◆ **EXERCISE DATA**
[Start of section]
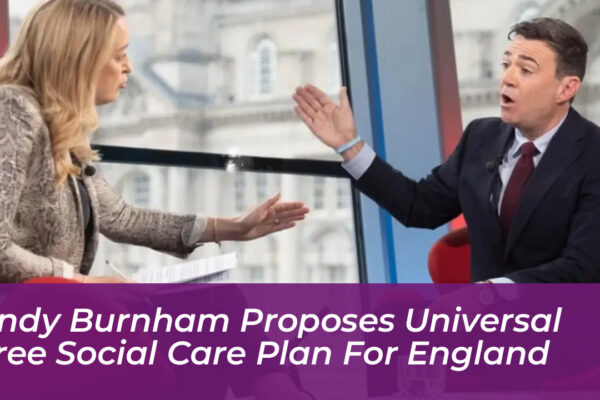andy burnham proposes universal free social care plan for england ZUA2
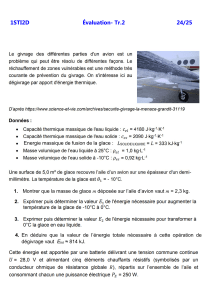 Evaluation Givrage des parties d'avions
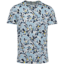 Ivory Floral Blue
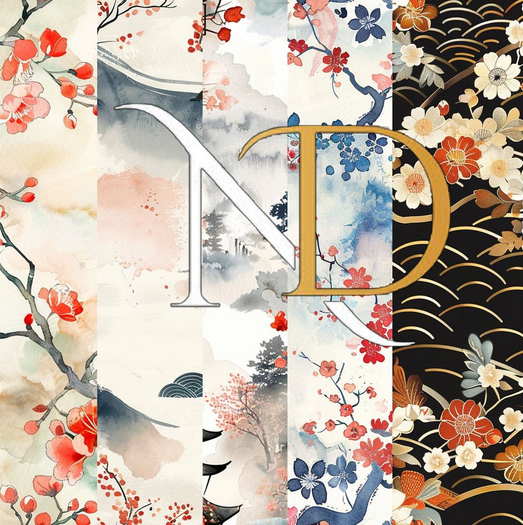 N&D  Asian Textures Pack 5 - full perm.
[End of section]
◆ **EXERCISE DESCRIPTION**
Exact reproduction is required for the lines from the one containing "Ivory Floral Blue" through the end of the material, and for those lines only, without pictures.

◆ **SOLUTION FOR THIS EXERCISE**
 Ivory Floral Blue
 N&D  Asian Textures Pack 5 - full perm.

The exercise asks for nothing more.